ZFS is a copy-on-write filesystem, contrasting it to traditional filesystems that overwrite data in place. When you make a change to a file, the changed block is written to a new location, instead of being written over top of the original version. This enabled two of ZFS’s biggest features: 1) the filesystem is always consistent, there is never a need for a scan after a power failure or other disruption, and 2) the operator can create instant snapshots of each filesystem. If no snapshots exist, when the new version of the file is written, and the metadata that attaches the filename to that block of data is updated, the old version of the data becomes free space, available to be used by another file. The power comes when the operator has created a snapshot, in this case the copies of any blocks that were in use when the snapshot was taken, are kept, even when their content is superseded with newer data. Now, you have access to both versions of the file, the live version, and the copy of the file how it existed at the exact moment of the snapshot. The data that has not changed is shared between both copies, meaning this second copy only consumes space for the blocks that differ.

The primary design consideration for ZFS was the safety of the your data. Every block that is written to the filesystem is accompanied by a checksums of the data stored with the other metadata. That metadata block also has a checksum, as does its parent, all the way up to the top level block, called the uber block. When the ZFS filesystem is mounted, is examines the available array of uber blocks, and selects the newest one with a valid checksum. When combined with the copy-on-write feature, this means that in the event of a power failure or system crash, ZFS will still have a consistent view of the file system, any operations that were in progress and rolled back, and the filesystem is in pristine shape. This means no need for a long filesystem check after an unexpected shutdown.

Every time a block of a file is read from a ZFS filesystem, the data returned by the disk is checksummed, and that checksum is verified against the one stored in the metadata. If the results differ, this means the disk has returned incorrect data. ZFS will detect this, keeping a count of such errors for each disk, as this may be a sign of impending disk failure. If your ZFS filesystem is configured with redundancy, like mirrors or RAID-Z, this parity information will be used to reconstruct the incorrect block, and write the repaired data back to the disk. If there is no redundancy, and the data cannot be recovered, an error will be returned. This allows the operating system to stop an application from using invalid data, which may cause it to crash or do the wrong thing.
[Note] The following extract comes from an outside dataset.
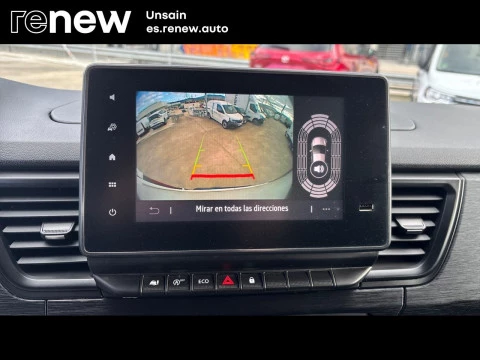 Renault Trafic  Furgon L2H1 BluedCi 96kW CU aumentada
If even a single byte of data is wrong, it can have a major impact on your data. Take this group photo from a FreeBSD Developers Summit:

If your disk corrupts even just part of a single byte of the data, the entire photo is ruined:

Now imagine what happens to a database, where a single bit gets flipped and now a regular user has administrator permissions, or the database cannot handle the unexpectedly inconsistent data, and crashes.

Truly, the most frightening case is when the corruption is not noticed. Years later, you realize that you have been backing up the corrupted photo, and you have discarded your older backups and now you have no copy of the photo from before the corruption. Traditional filesystems have no way to detecting such corruption, let alone correcting it. ZFS will sound the alarm, and if configured with redundancy, solve the problem seamlessly.
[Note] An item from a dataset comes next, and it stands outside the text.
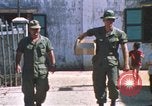 Image of United States soldiers Vietnam, 1969, second 30 stock footage video 65675060235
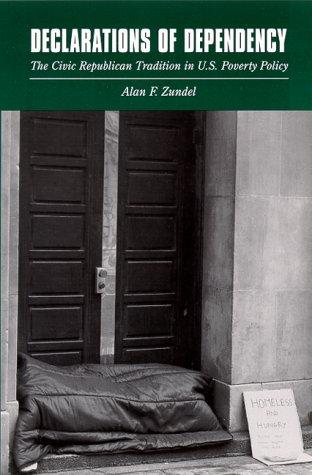 Cover for Declarations of Dependency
While every block is checked as each file is accessed, what about files you do not access frequently, or ever? ZFS has an operation called a “scrub”, that reads every block in the filesystem and ensures it is correct. Scheduling this operation periodically will ensure that any problems are detected and corrected before it is too late.
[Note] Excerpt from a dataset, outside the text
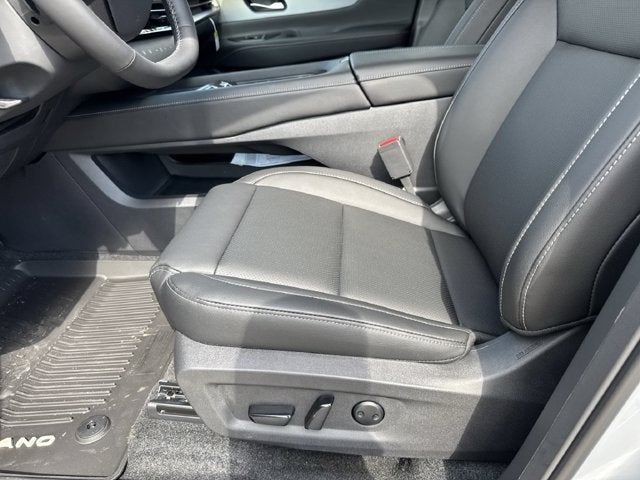 2027 Nissan Murano Dark Armor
To really understand the power of ZFS, you need to try it out. Luckily, this doesn’t require you to go out and buy a bunch of disks, you can do it all virtually:

Create a test pool

Before switching your disks over to ZFS, you can experiment a little to learn the basics of ZFS. Download and start a FreeBSD VM. ZFS can create a storage pool out of any block device, or for testing purposes, regular files.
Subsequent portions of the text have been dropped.